10 Nov 2006

Fiji court opens Rabuka mutiny case

4:14 pm on 10 November 2006

The trial of the former Fiji prime minister, Sitiveni Rabuka, on two charges of inciting mutiny has begun with the Suva High Court hearing how he aspired to get back into a position of authority after losing power in the 1999 election.

Lead prosecutor Mark Tedeschi QC of Australia told the court Rabuka allegedly attempted to incited Lt Col Viliame Seruvakula to overthrow the military commander, Commodore Bainimarama, on or about the 4th of July and then the 2nd of November in 2000.

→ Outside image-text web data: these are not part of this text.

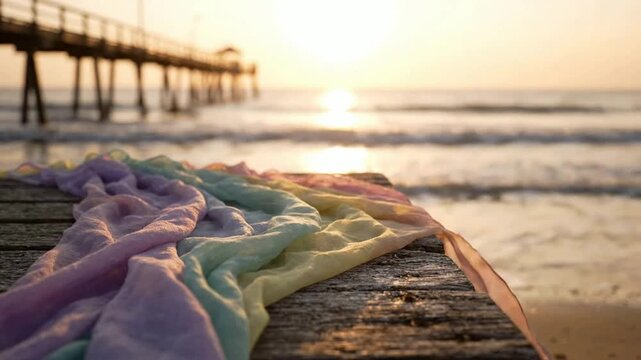 Pastel scarf blowing in wind on wooden pier at sunset, ocean waves and beach background, peaceful summer vacation atmosphere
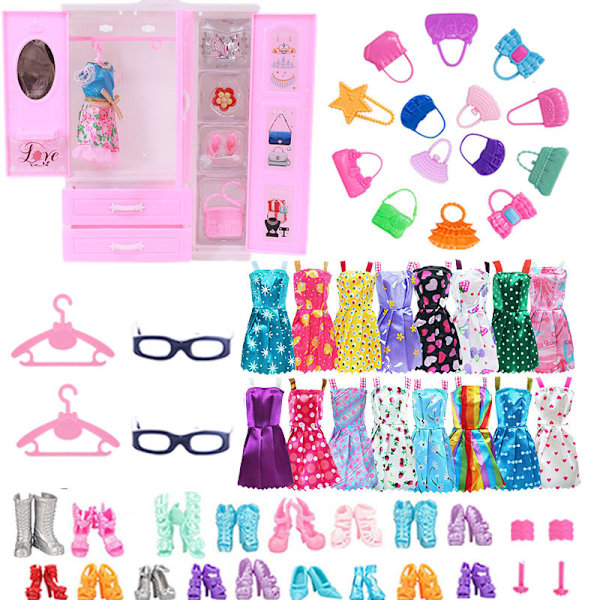 ##/Garderober + klädtillbehör 30-dels set, barbie docka accessoarer##/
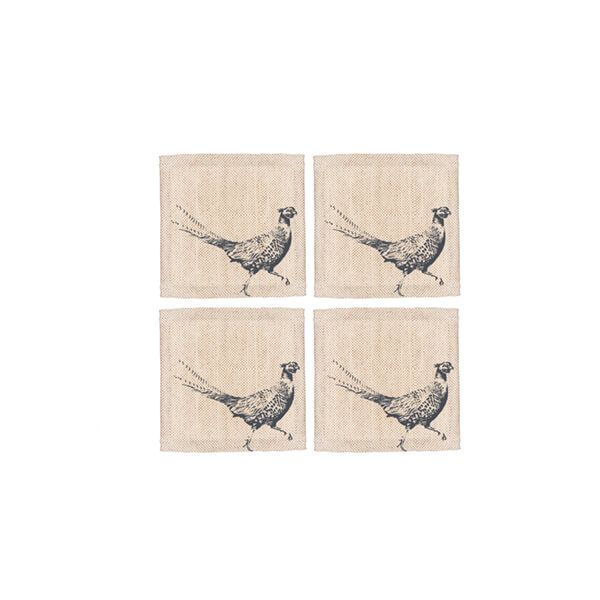 The Just Slate Company Set of 4 Pheasant Linen Coasters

Radio Legend quotes Mr Tedeschi as saying the incitement might not have been successful but it was a crime in itself as mutiny is an act where a person tells another to remove a constitutionally appointed authority by threat of force.

He said from 1987 to 1999 Rabuka held very powerful positions and after he lost the prime minister's position in 1999 he was appointed as the chairman of the Great Council of Chiefs.

Mr Tedeschi said Rabuka became fed up of being a second player and after the coup in May 2000 he met the president along with the acting army commander and the commissioner of police.

He then proposed to the president, the late Ratu Sir Kamisese Mara, to appoint him as the army commander but his proposal was declined.

Mr Tedeschi told the court that at another meeting nine days later, Rabuka asked the president to appoint him as the interim prime minister but this request was also declined.

Mr Tedeschi said Rabuka then contacted Lt Col Seruvakula on the 4th of July and asked him to remove Commodore Bainimarama from the commander's position.

He said such words coming from a former prime minister and military commander were very serious.

The trial is being heard by Justice Gerard Winter assisted by three assessors.